Exercise:
The data below contains pictures, which are to be skipped; the lines starting at the line with "Gogna Mart Acrylic" and ending at the line with "BUY944 Washington License Plate" are to be output exactly, both ends included.

Data listing:
┄┄┄┄┄┄┄┄┄┄┄┄┄┄┄┄┄┄┄┄

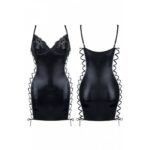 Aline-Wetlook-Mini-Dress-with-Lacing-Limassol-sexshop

┄┄┄┄┄┄┄┄┄┄┄┄┄┄┄┄┄┄┄┄

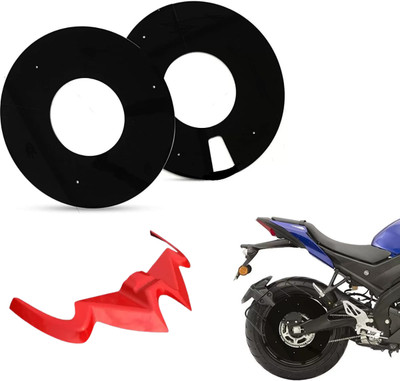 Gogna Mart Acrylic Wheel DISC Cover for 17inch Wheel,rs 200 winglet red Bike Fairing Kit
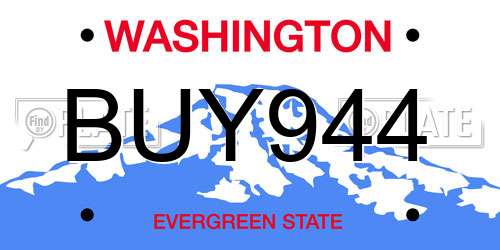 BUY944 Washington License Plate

┄┄┄┄┄┄┄┄┄┄┄┄┄┄┄┄┄┄┄┄

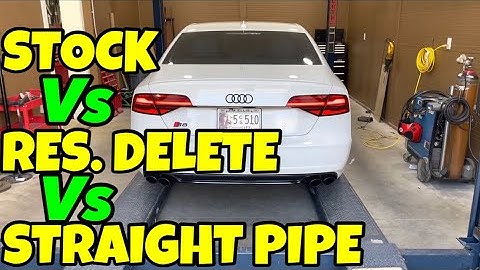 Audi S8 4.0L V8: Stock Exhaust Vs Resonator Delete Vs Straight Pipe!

┄┄┄┄┄┄┄┄┄┄┄┄┄┄┄┄┄┄┄┄

Exercise answer:
 Gogna Mart Acrylic Wheel DISC Cover for 17inch Wheel,rs 200 winglet red Bike Fairing Kit
 BUY944 Washington License Plate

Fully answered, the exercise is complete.